__WHAT IS NEEDED__: Taking the line with "Der kleine Buddha" as the first and the line with "PXS:Room Worship With" as the last, set down the lines below exactly, pictures excluded.

Captioned web image data:
|---|

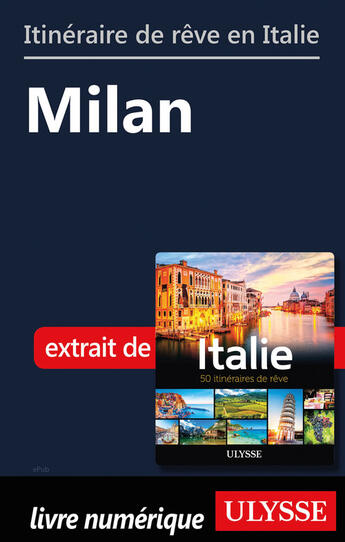 Couverture du livre « Itinéraire de rêve de Italie - Milan » de  aux éditions Ulysse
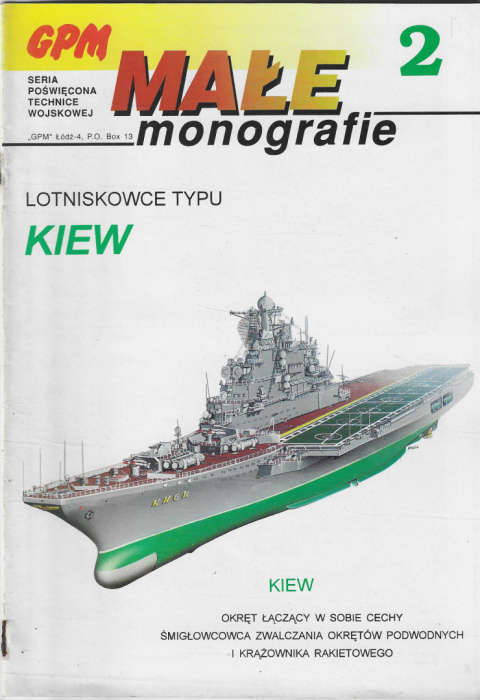 Lotniskowce typu KIEW. Małe Monografie nr 2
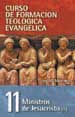 Ministros de Jesucristo (I y II)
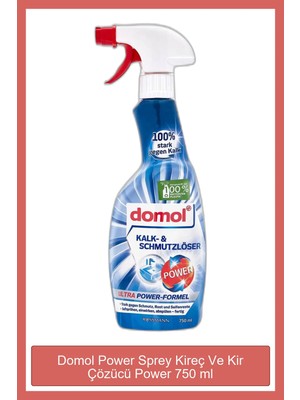 Domol Power Ultra Kireç ve Kir Çözücü Sprey 750 ml - Kokusuz, Paslanmaz Çelik ve Seramik Yüzeyler için İdeal Çözüm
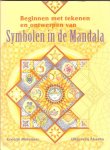 Molenaar, G. - Symbolen in de Mandala / via creativiteit een verbinding leggen met je innerlijk weten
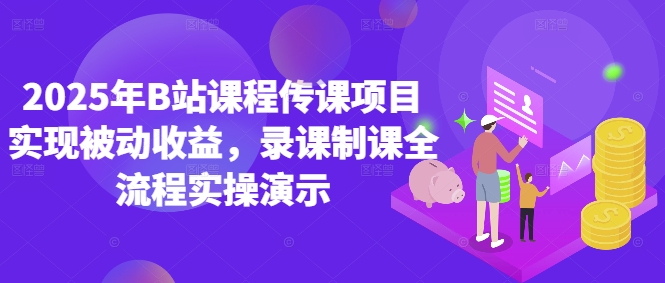 2025年B站课程传课项目实现被动收益,录课制课全流程实操演示-51云资源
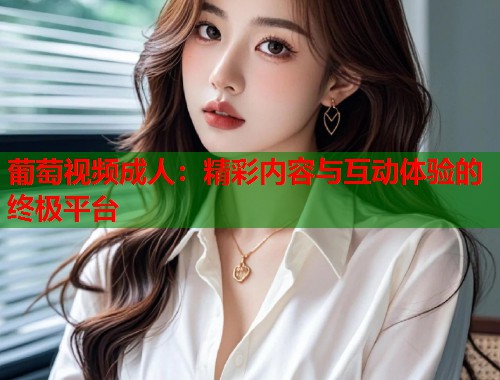 葡萄视频成人：精彩内容与互动体验的终极平台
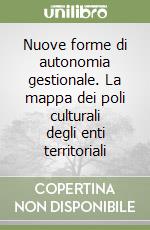 Nuove forme di autonomia gestionale. La mappa dei poli culturali degli enti territoriali libro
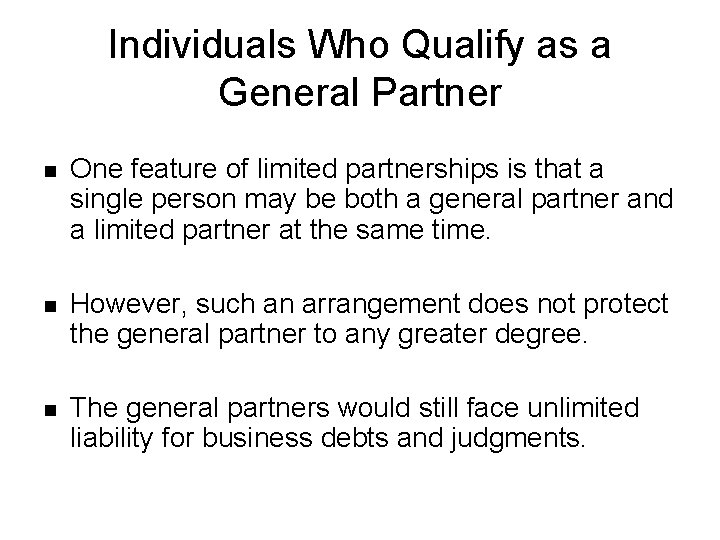 Individuals Who Qualify as a General Partner n One feature of limited partnerships is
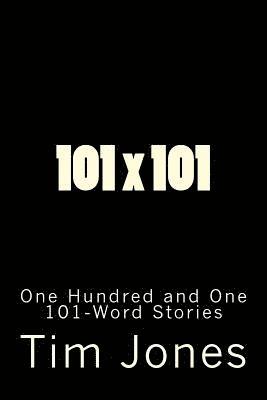 Tim Jones - 101 x 101: One Hundred and One 101-Word Stories, Häftad. Tillgänglighet: Lägg i varukorg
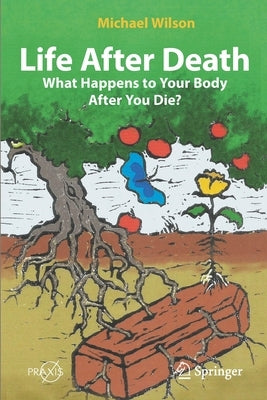 Life After Death: What Happens to Your Body After You Die? by Wilson, Mike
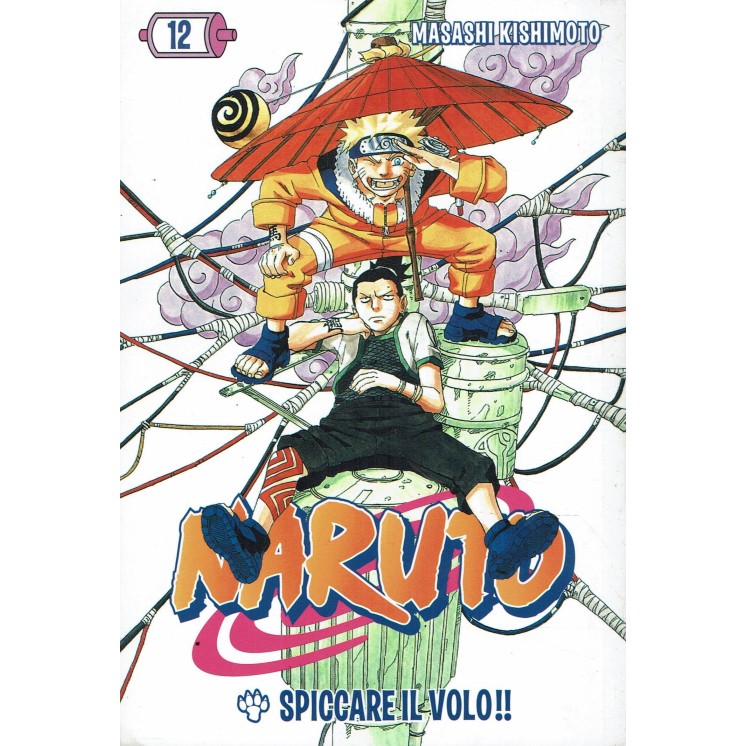 Naruto  12 spiccare il volo di Masashi Kishimoto ed. Gazzetta dello Sport BO09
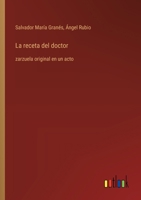 La receta del doctor: zarzuela original en un acto (Spanish Edition) 336805483X Book Cover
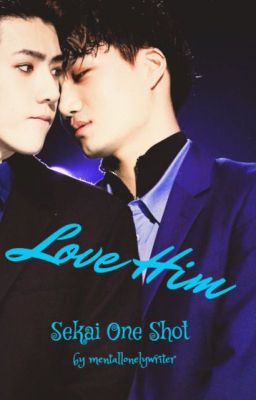 Love Him | Sekai One Shot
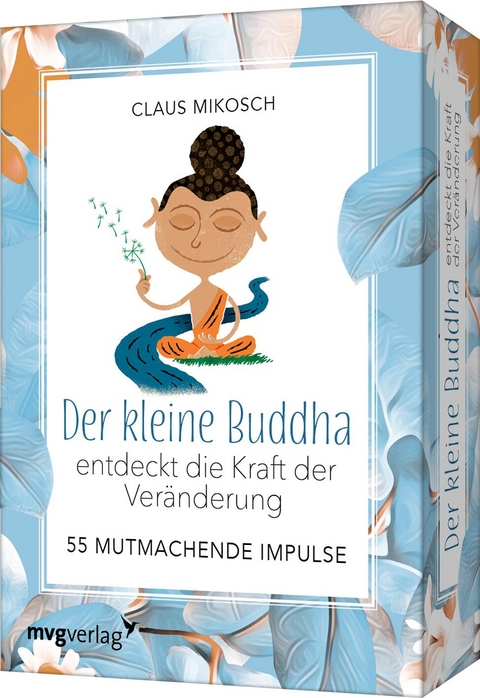 Der kleine Buddha entdeckt die Kraft der Ver&auml;nderung - 55 ermutigende Impulse - Claus Mikosch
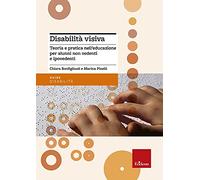 Disabilità visiva. Teoria e pratica nell'educazione per alunni non vedenti e ipovedenti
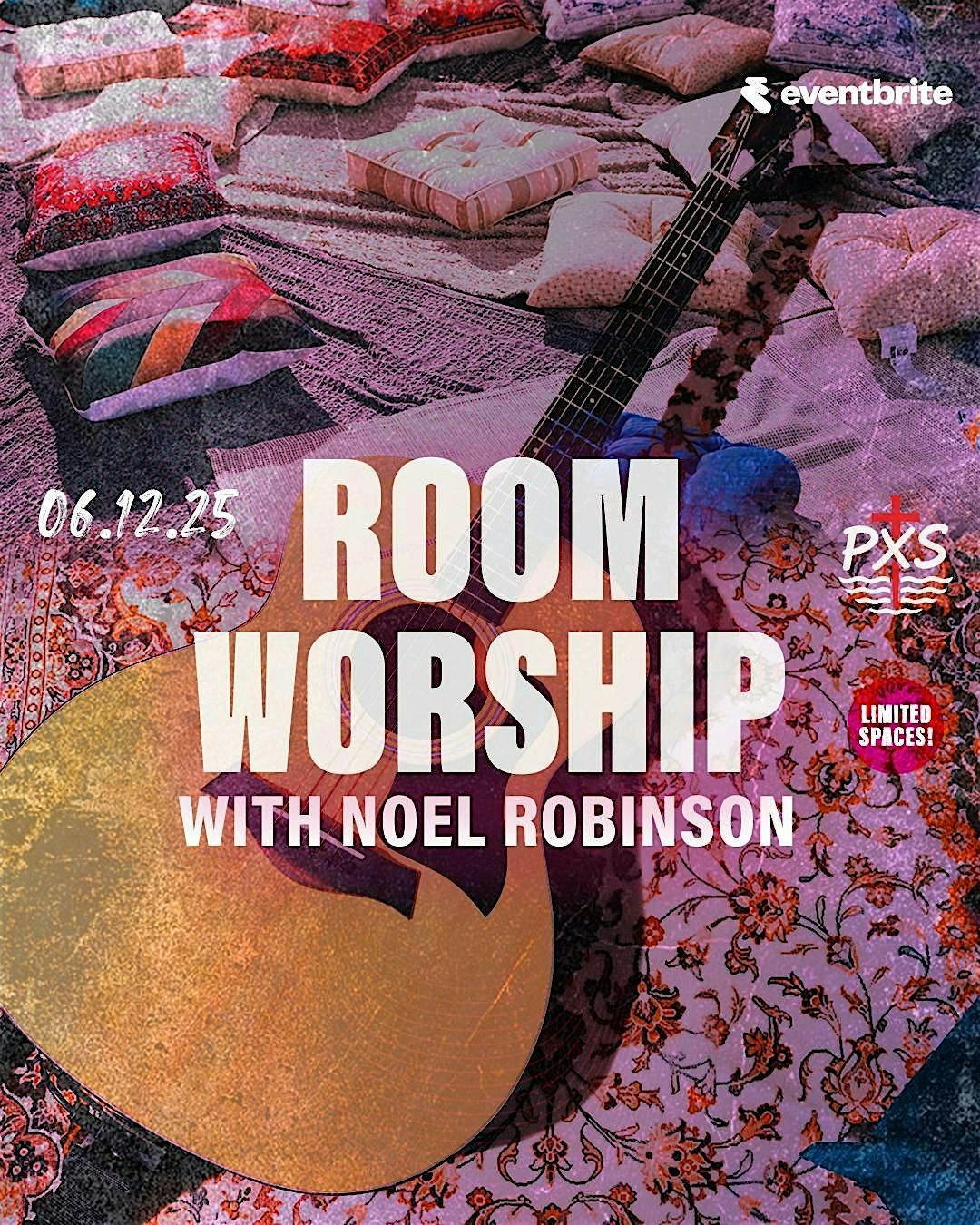 PXS:Room Worship With Noel Robinson, 6 December | Event in Canary Wharf | AllEvents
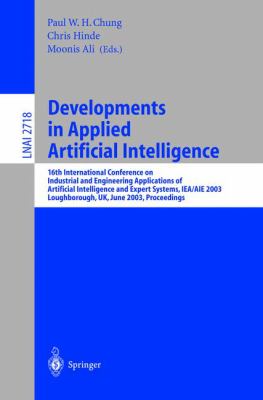 Developments in Applied Artificial Intelligence : 16th International Conference on Industrial and Engineering Applications of Artificial Intelligence and Expert Systems, IEA/AIE 2003, Laughborough, UK, June 23-26, 2003, Proceedings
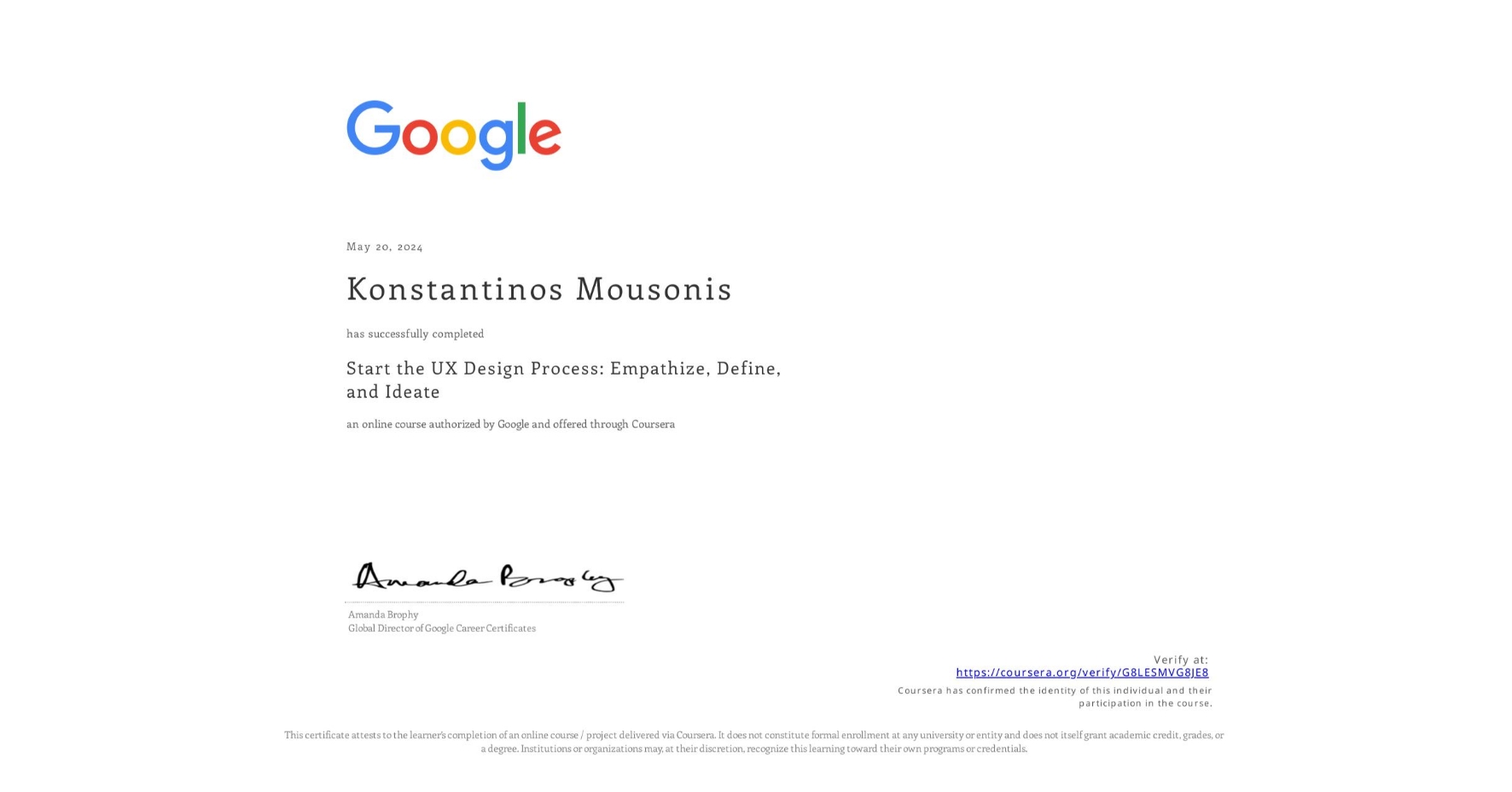 View certificate for Konstantinos Mousonis, Start the UX Design Process: Empathize, Define, and Ideate, an online non-credit course authorized by Google and offered through Coursera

|---|

__TASK SOLUTION__:
 Der kleine Buddha entdeckt die Kraft der Ver&auml;nderung - 55 ermutigende Impulse - Claus Mikosch
 Disabilità visiva. Teoria e pratica nell'educazione per alunni non vedenti e ipovedenti
 PXS:Room Worship With Noel Robinson, 6 December | Event in Canary Wharf | AllEvents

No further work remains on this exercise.